● **Records provided**:

####################

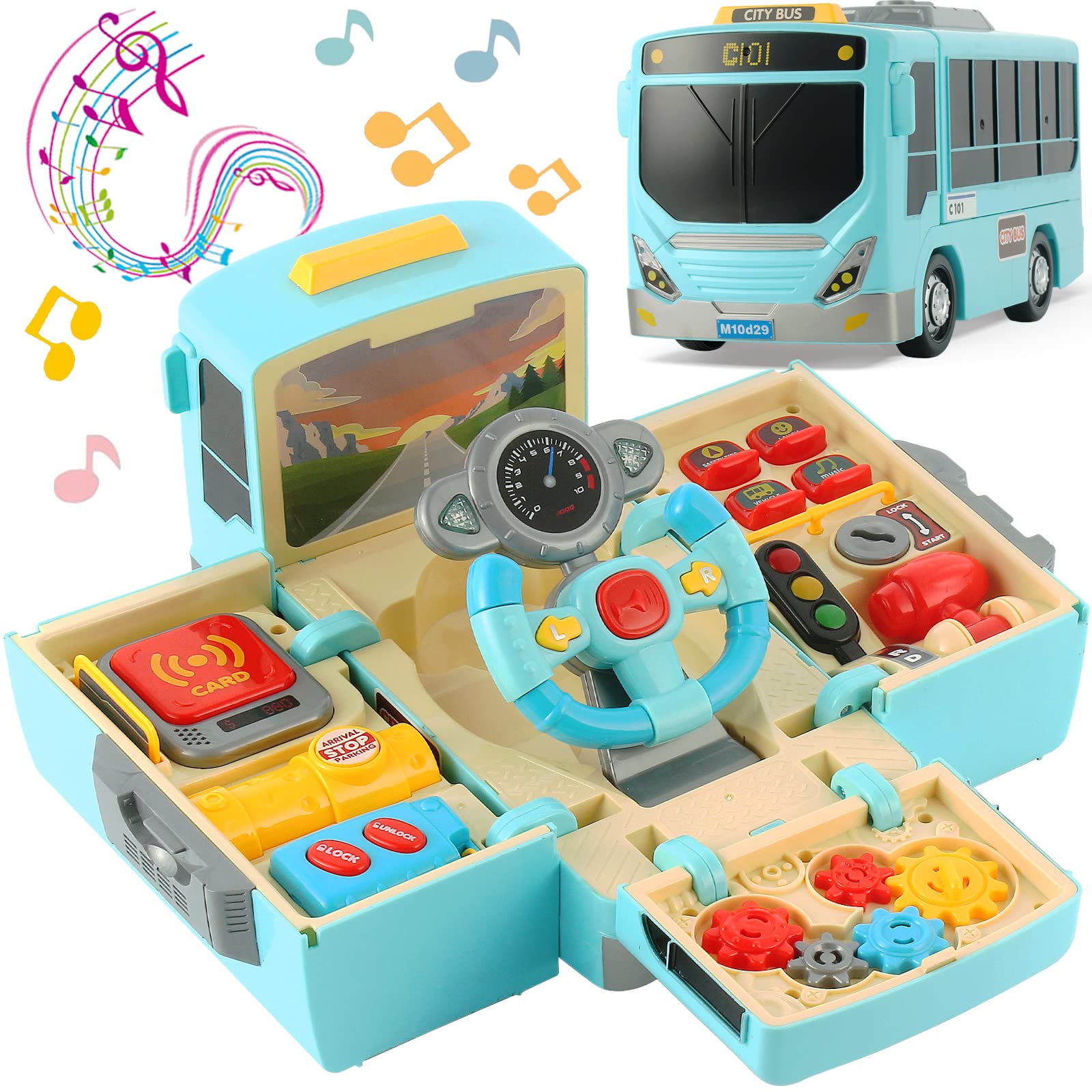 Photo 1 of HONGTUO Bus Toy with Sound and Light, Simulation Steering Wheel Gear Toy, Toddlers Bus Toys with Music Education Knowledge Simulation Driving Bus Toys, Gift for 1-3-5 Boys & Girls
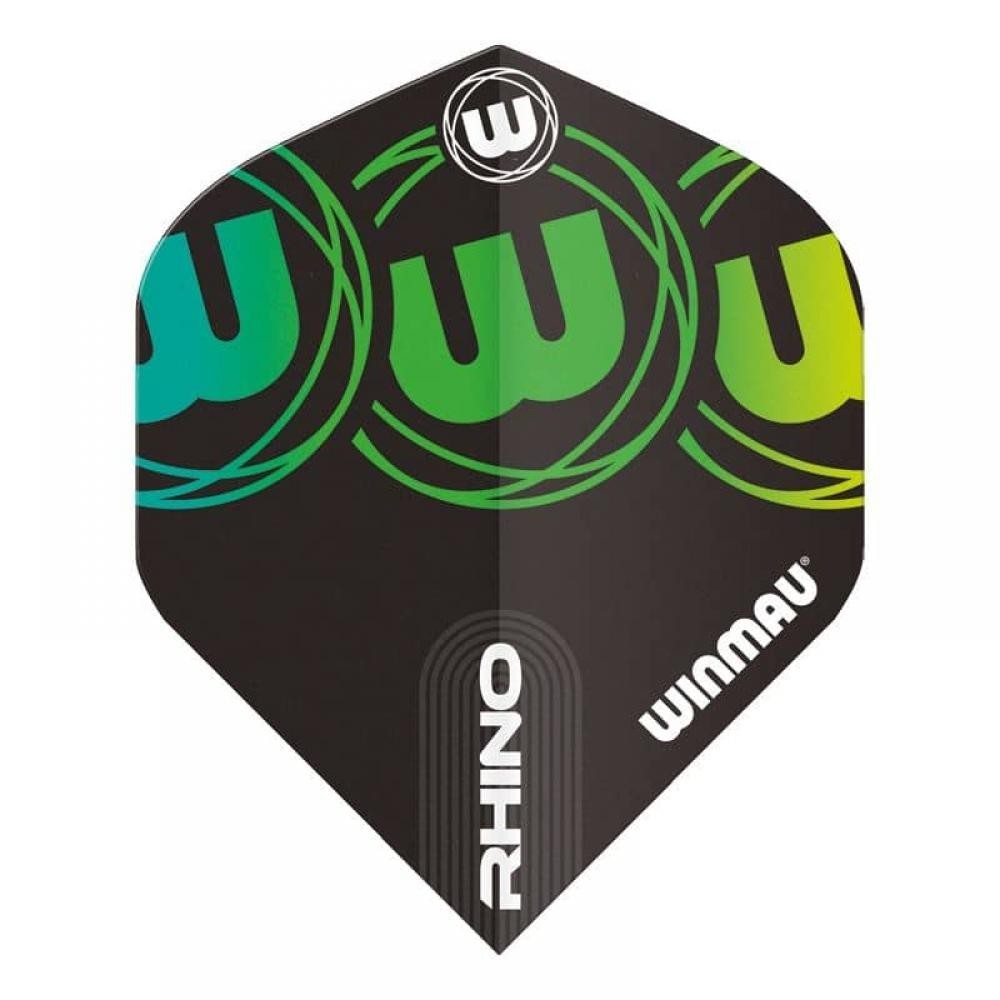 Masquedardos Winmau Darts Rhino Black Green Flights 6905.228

####################

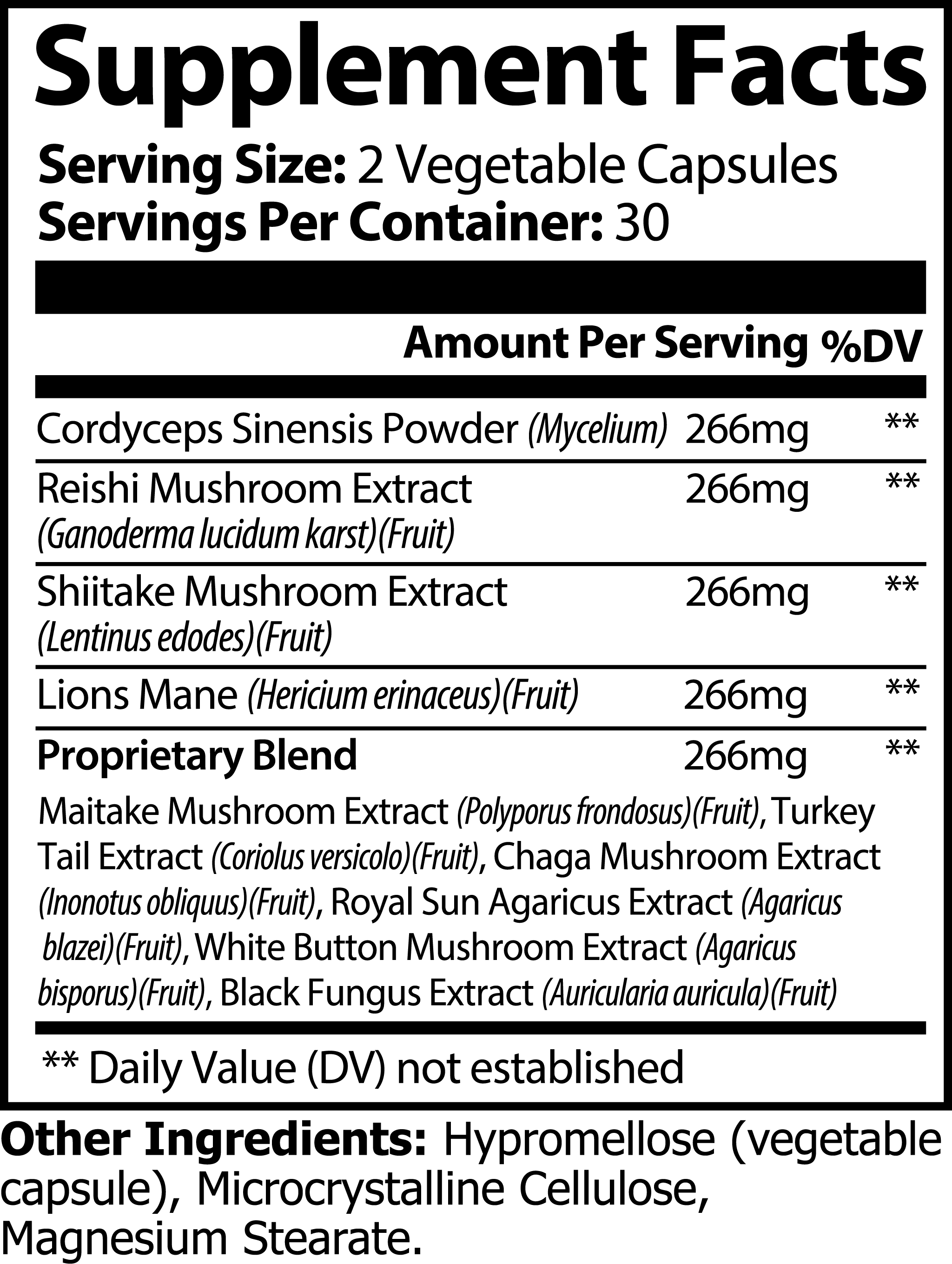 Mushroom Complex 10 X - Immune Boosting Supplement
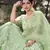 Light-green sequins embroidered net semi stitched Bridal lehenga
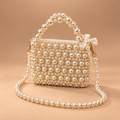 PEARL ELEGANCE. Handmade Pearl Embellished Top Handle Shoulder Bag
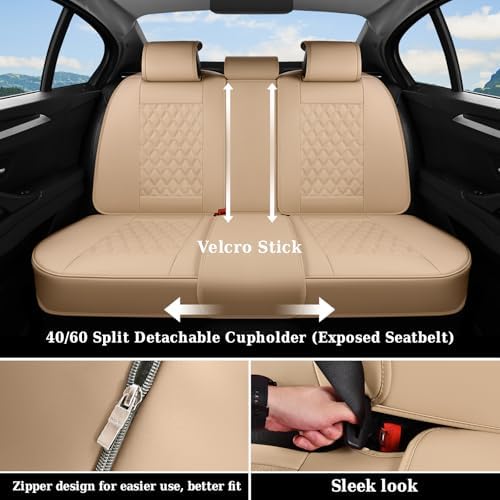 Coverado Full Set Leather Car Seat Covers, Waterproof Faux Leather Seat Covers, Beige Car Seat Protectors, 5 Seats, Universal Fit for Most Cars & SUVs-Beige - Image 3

####################

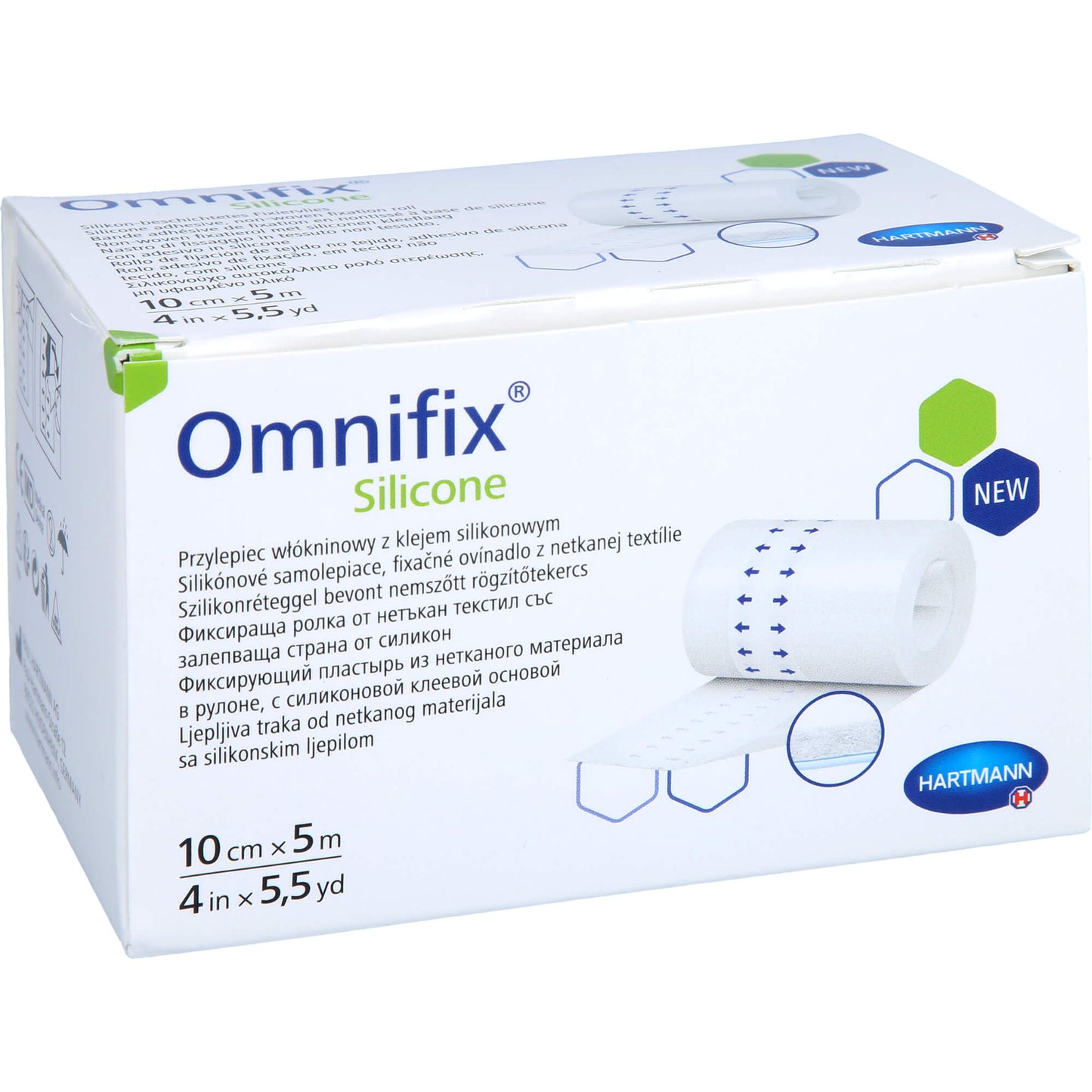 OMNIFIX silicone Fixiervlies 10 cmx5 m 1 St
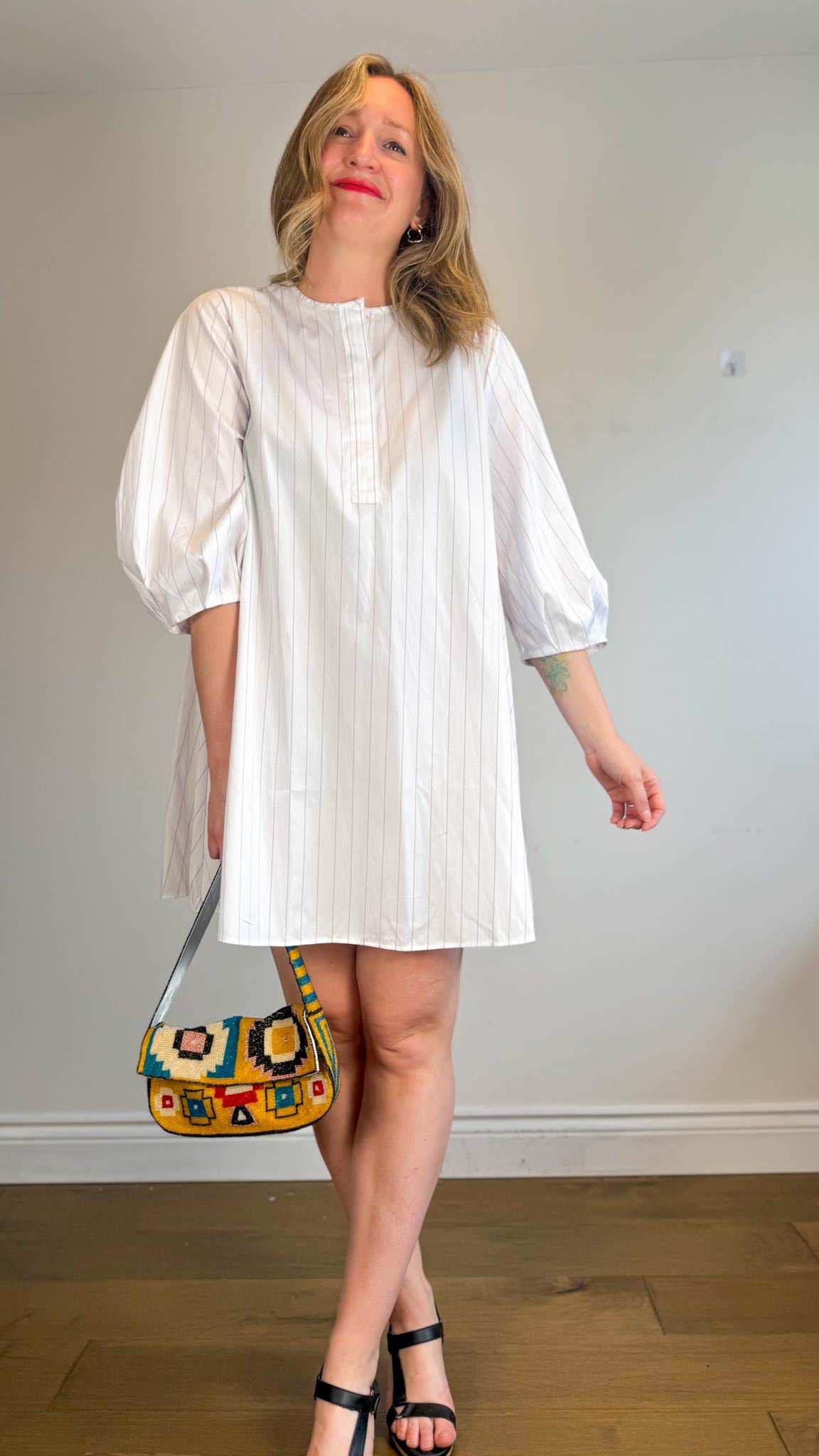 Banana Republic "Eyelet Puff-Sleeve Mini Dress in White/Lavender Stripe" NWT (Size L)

####################

The answer should consist only of the lines above from the one with "Photo 1 of HONGTUO" through the one with "Masquedardos Winmau Darts", repeated exactly, with no pictures among them.

 Photo 1 of HONGTUO Bus Toy with Sound and Light, Simulation Steering Wheel Gear Toy, Toddlers Bus Toys with Music Education Knowledge Simulation Driving Bus Toys, Gift for 1-3-5 Boys & Girls
 Masquedardos Winmau Darts Rhino Black Green Flights 6905.228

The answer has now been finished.